Die Fleischseite wird nun mit Hilfe eines Schabers bearbeitet. Mit hackenden, stoßartigen Bewegungen wird sie von den Fett- und Geweberesten gereinigt, bis die Haut eine glatte und ebene Oberfläche besitzt.

Dieser Schaber kann aus Knochen oder Stein gefertigt sein. Ein Knochenschaber wird aus einem langen Knochen gefertigt, der der Länge nach gespalten und an einem Ende in einem Winkel von 60° abgeschrägt wird. Ein Flintschaber besteht aus einem Feuerstein mit leicht gerundeter beilähnlicher Schneide, der an einem Holzstiel befestigt ist.

Sollen die Haare auf der Außenseite ebenfalls entfernt werden, empfiehlt es sich, das Fell für ein oder zwei Tage in Wasser oder Urin einzuweichen, damit die Haare leichter ausfallen. Anschließend spannt man das Fell in einen aufrechtstehenden Holzrahmen und beginnt mit dem Schaber die Haare abzukratzen. Am besten schabt man in jene Richtung, in die die Haare wachsen, d.h. vom Nacken zum Schwanz.

Nun muß die Haut weichgegerbt werden. Zu diesem Zweck werden die Fettungsmittel, z.T. mit Wasser, zu einem Brei vermischt. Diese Lösung wird nun mit den Händen oder einem runden flachen Stein in die Haut eingerieben. Danach läßt man die Haut an einem kühlen Ort trocknen, damit die Lösung gut einwirken kann. Dieser Vorgang kann bis zu drei Mal wiederholt werden.

Da das Fell bzw. die Lederhaut beim abschließenden Trocknen hart und steif wird, sollte es währenddessen mehrmals mit der Fleischseite über ein straff gespanntes Seil gezogen werden, damit es geschmeidig bleibt.

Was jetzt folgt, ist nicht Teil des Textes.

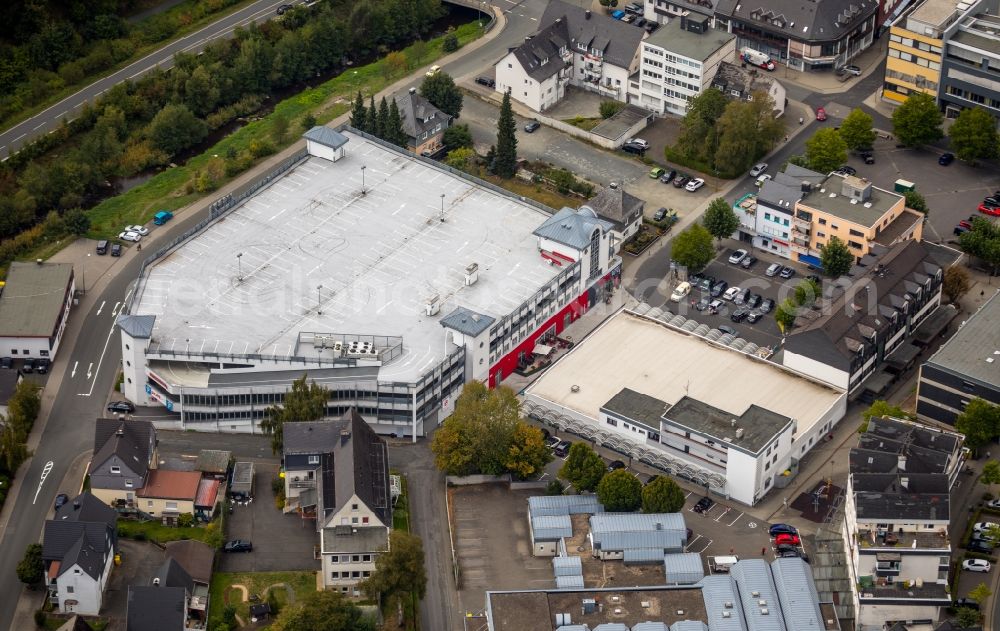 Aerial photograph Netphen - Settlement along the Bahnhostrasse in Netphen in the state North Rhine-Westphalia, Germany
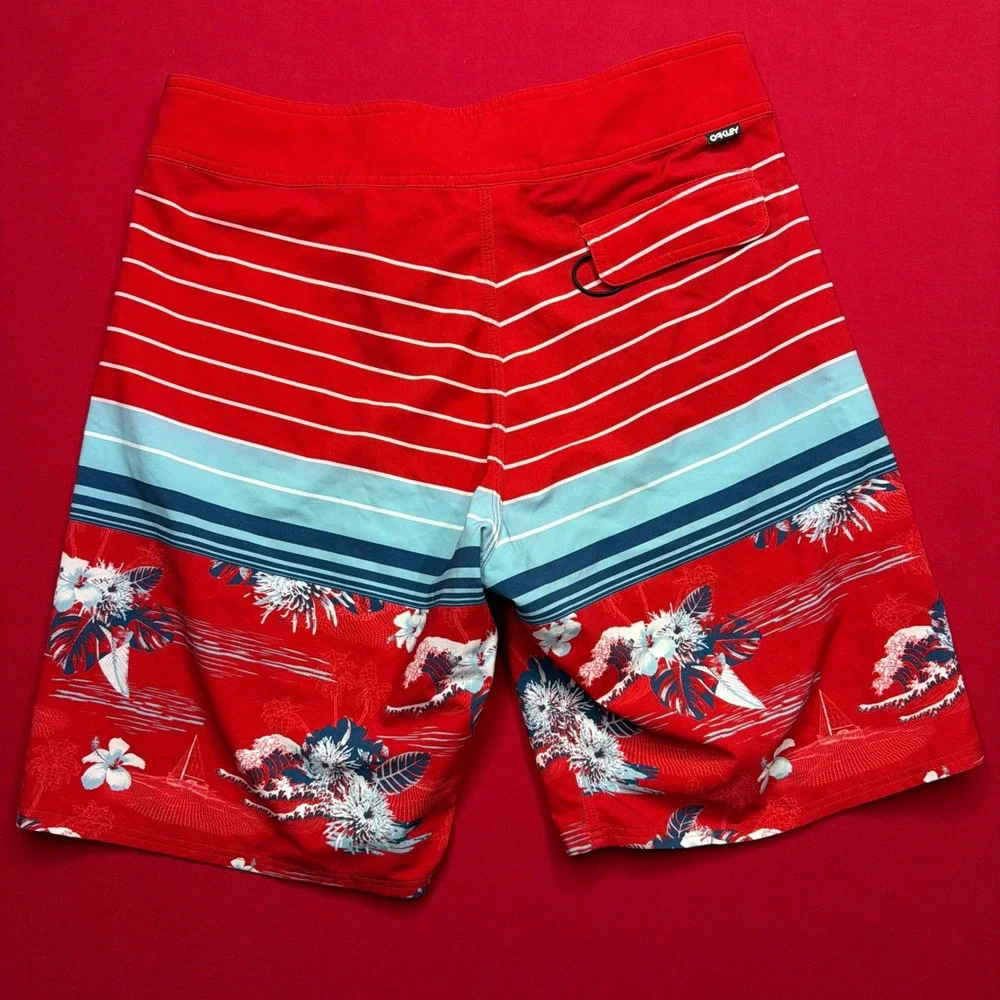 SURF Oakley Mens Board Shorts Red Striped Tropical Floral Swim Trunks Size 31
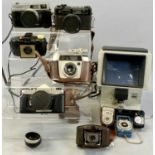 COLLECTION OF CAMERAS AND ACCESSORIES including a Coronet "Vogue" bakelite cased bellows camera, a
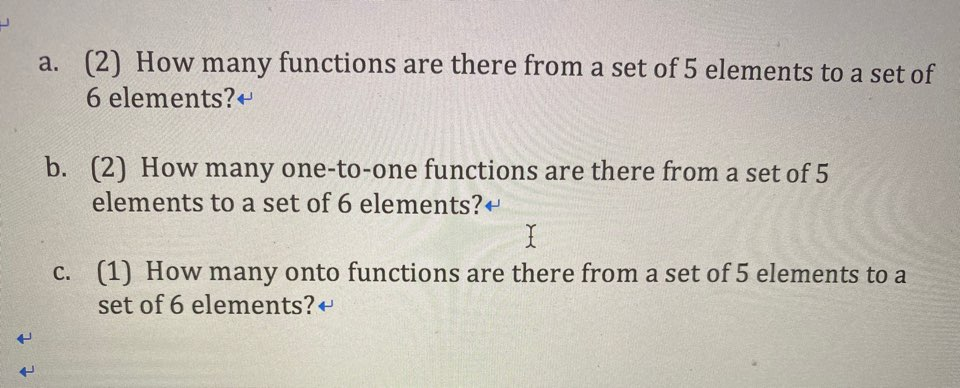 Solved a. (2) How many functions are there from a set of 5 | Chegg.com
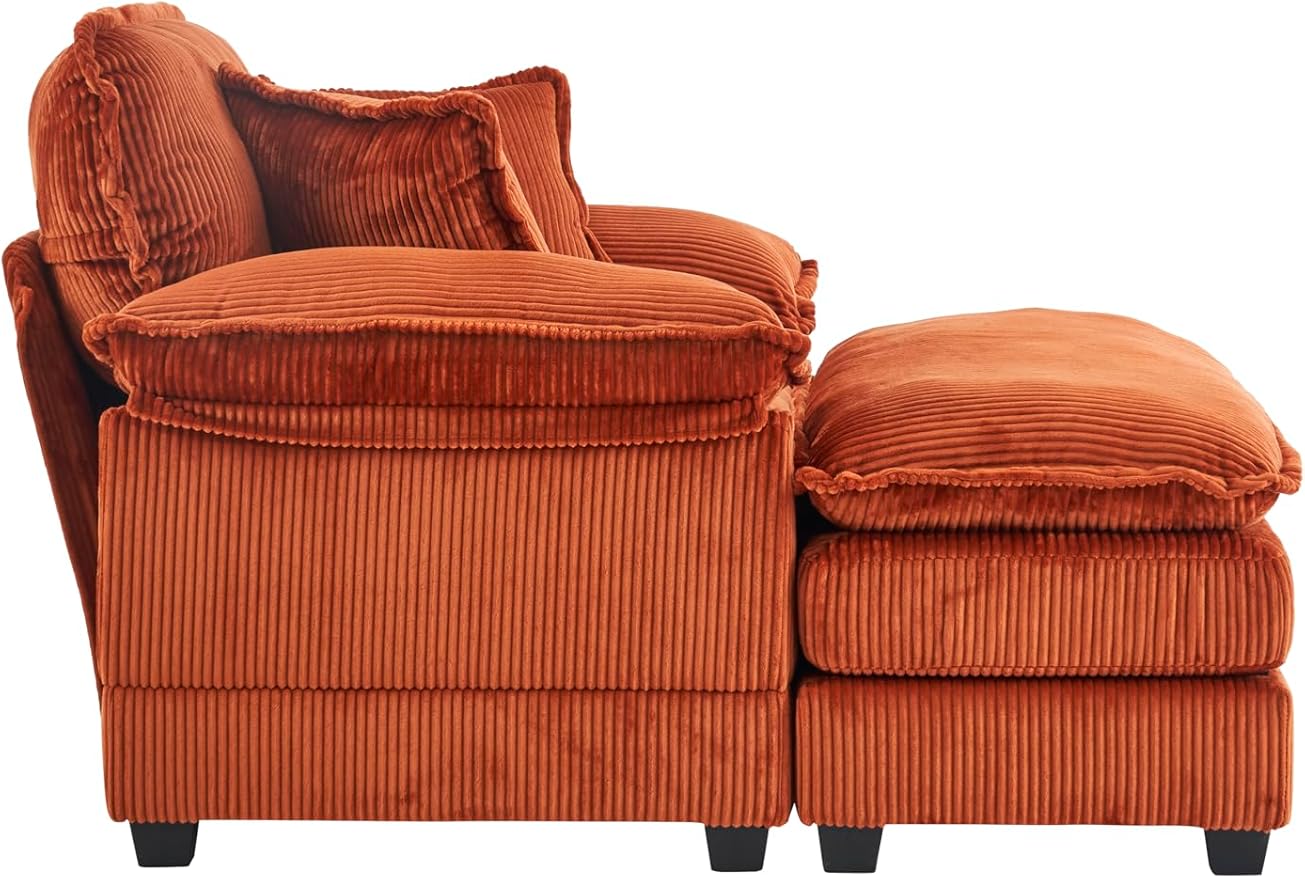 TTK Oversized Chaise Lounge Chair with Ottoman - 39.17 Wide Modern Sleeper Sofa for Living Room Bedroom &amp Office - Deep Seat Sectional Couch with Pillow Comfortable Reading ChairOrange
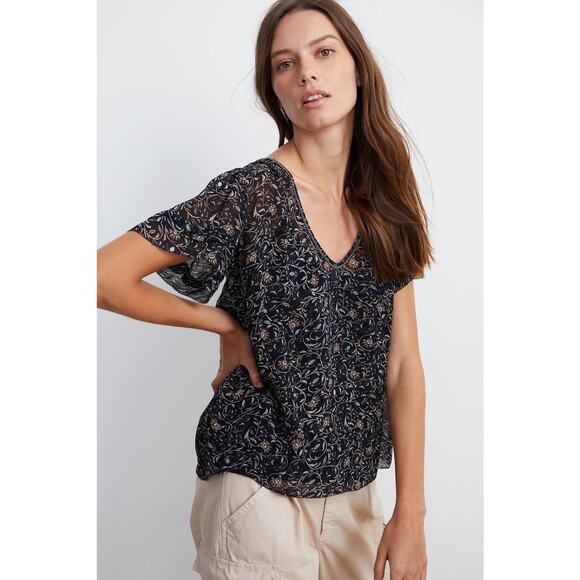 Velvet Graham Spencer Tracia Scoop Neck Beaded Floral Sheer Black Size XL - Picture 1 of 13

Diese Art des Bearbeitens nennt man "Stollen".

Das auf diese Weise gewonnene Leder ist allerdings noch nicht wasserfest. Das heißt, wenn es bei schlechtem Wetter naß werden sollte, wird es beim Trocknen starr und muß erst wieder durch langwieriges Bearbeiten weich gemacht werden. Wird das Leder aber geräuchert, ist es wasserfest (nicht wasserdicht!) und bleibt beim Trocknen weich und geschmeidig.

Außerdem wehrt der Rauchgeruch, der lange Zeit am Leder bzw. Fell haften bleibt, Ungeziefer wie Mücken und Motten ab.

Für diese Rauchgerbung wird ein kleines Räucherhaus angefertigt. Zunächst hebt man eine kreisförmige, ca. 30 cm tiefe Grube aus, über die ein Gerüst aus gebogenen Weidenstecken errichtet wird. In diese Grube gibt man von einem nahegelegenen Feuer Kohlestücke und stark rauchende Materialien (verfaultes Holz etc.). Das Feuer darf nur niedrig brennen, damit die Flammen die Häute und Felle, in in zwei Lagen über das Gerüst gehängt werden, nicht erreichen. Werden die obersten Häute heiß, sollten die unteren überprüft werden. Haben sie eine dunklere Farbe angenommen, sind sie fertig geräuchert.

Nach dem Räuchern empfiehlt es sich, das Leder in kaltem Wasser zu waschen, um den Rauchgeruch so gut wie möglich los zu werden.

Die Rauchgerbung konnte auch vor der Fettgerbung angewendet werden.

In der Steinzeit war wahrscheinlich auch schon die Weißgerbung bekannt. Hierbei erfolgt die Gerbung von Häuten und Fellen mit Hilfe von Alaun (Kaliumaluminiumsulfat-Hexahydrat). Allerdings ist weißgegerbtes Leder nicht wasserfest.